The RBI delivered a three-pronged surprise with a higher than anticipated 50 bps cut in the repo rate, shift in the monetary policy stance back to ‘neutral’, and a 100 bps reduction in CRR.
Download ReportQuantEco Research || RBI Policy - A tale of three surprises
The RBI today delivered a three-pronged surprise with a higher than anticipated 50 bps cut in the repo rate, shift in the monetary policy stance back to ‘neutral’, and a 100 bps reduction in the cash reserve requirement.
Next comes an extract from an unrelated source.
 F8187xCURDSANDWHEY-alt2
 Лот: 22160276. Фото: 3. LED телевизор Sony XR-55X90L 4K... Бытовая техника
These announcements came on the back of an unchanged FY26 GDP growth forecast of 6.5% and a 30 bps downward revision to the FY26 CPI inflation forecast to 3.7%. The aggressive monetary and liquidity easing announcements should be perceived as front-loading of policy accommodation. Under the current macroeconomic environment along with near term extrapolations, the central bank would henceforth remain watchful of upside and downside risks, while maintaining a neutral posture. Barring unanticipated external shocks, we believe the MPC is now likely to get into a prolonged pause with repo rate maintained at 5.50% through FY26. For bonds, the impact of today’s policy announcements is likely to be neutral with shift in stance balancing the aggressive rate cut, while the CRR cut obviating the need for OMO support. As such, we retain our 10Y g-sec yield call of 6.00% - however, we now believe that it could get realized earlier during Q2-Q3 FY26. Thereafter, the 10Y g-sec yield is likely to see a modest drift upwards towards 6.20% by end FY26 as market participants start positioning for a moderate uptick in inflation in FY27.